Le cardinal Gerhard Müller avait posé une objection équivalente et s’était plaint de la faiblesse théologique de l’assemblée synodale, indiquant que nombre d’autres évêques avaient formulé la même remarque.

Le jésuite continue avec une remarque déjà formulée sur ce site : si les gens ont des idées néfastes – ou fausses – il peut être utile de les écouter, mais « il est irresponsable et peu charitable de ne pas redresser le tort ». Tout ne peut pas être dit quand il s’agit de la Vérité révélée, écrivions-nous.

La remarque suivante est excellente : « la méthode ne peut se substituer aux preuves empiriques, à la révélation ou à l’enseignement de l’Eglise », a ajouté le P. Lusvardi, rappelant que saint Ignace était « très clair sur le fait que toutes les choses ne sont pas des objets appropriés pour le discernement ». Il le dit très nettement dans ses Règles pour le discernement des esprits, dans les dernières surtout.

Il précise sa pensée sur ce point : « Si ce qui vous arrive dans la prière contredit ce qui a été révélé par Jésus-Christ, alors ce n’est pas l’œuvre de l’Esprit Saint », remarque que le Synode aurait du inscrire sur tous les moniteurs utilisés par les participants…

Ne pas confondre cette méthode avec la Révélation divine

Le P. Lusvardi dit également que « le fait que quelque chose se produise dans la prière ne signifie pas que c’est la volonté de Dieu ». D’autres commentateurs ont déjà porté cette critique, qui vise la base même utilisée par le système synodal : le sensus fidelium, entendu au sens de François.

Et la dernière remarque n’est pas la moins intéressante : le discernement communautaire ne doit pas être compris comme une caractéristique de la gouvernance de l’ordre des jésuites, qui est structuré de manière hiérarchique. Tout comme la sainte Eglise d’ailleurs.

Conclusion

Cette présentation de la « méthode synodale » nous montre bien son origine jésuite récente. Elle explique son utilisation au Synode dont le promoteur et le Supérieur est le Pape, jésuite rappelons-le, et dont le Rapporteur général, le cardinal Jean-Claude Hollerich est également jésuite.
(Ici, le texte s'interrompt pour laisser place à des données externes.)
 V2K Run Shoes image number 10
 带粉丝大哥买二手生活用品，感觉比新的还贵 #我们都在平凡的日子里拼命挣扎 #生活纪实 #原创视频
Nous avons donc assisté à la mise en place d’une « discernement communautaire » typiquement jésuite, pratiqué dans la Compagnie de Jésus depuis des décennies, qui n’a d’intérêt que pour des situations très limitées, et hors de contexte dans des discussions doctrinales, mais qui a été appliqué à un Synode des évêques panaché par la présence de laïcs. Le résultat est connu.

Les commentateurs béats qui veulent étendre cette méthode à toute l’Eglise, pour toutes les situations, se rendent-ils compte de la stérilisation théologique et doctrinale qu’ils veulent mettre en place ? Tous ceux qui appellent de leurs vœux une « Eglise synodale », ont-ils compris qu’ils dissolvaient l’Eglise dans une « expérience de la foi », coupée de la Révélation ?

Une telle mise en place ne serait finalement que la dissolution de la vérité dans une fausse charité qui se pare du manteau de la miséricorde. Mais en renonçant à la Vérité du Christ, l’on renonce aussi à sa Charité et l’on devient le plus dur des hommes en écartant les âmes du Sauveur.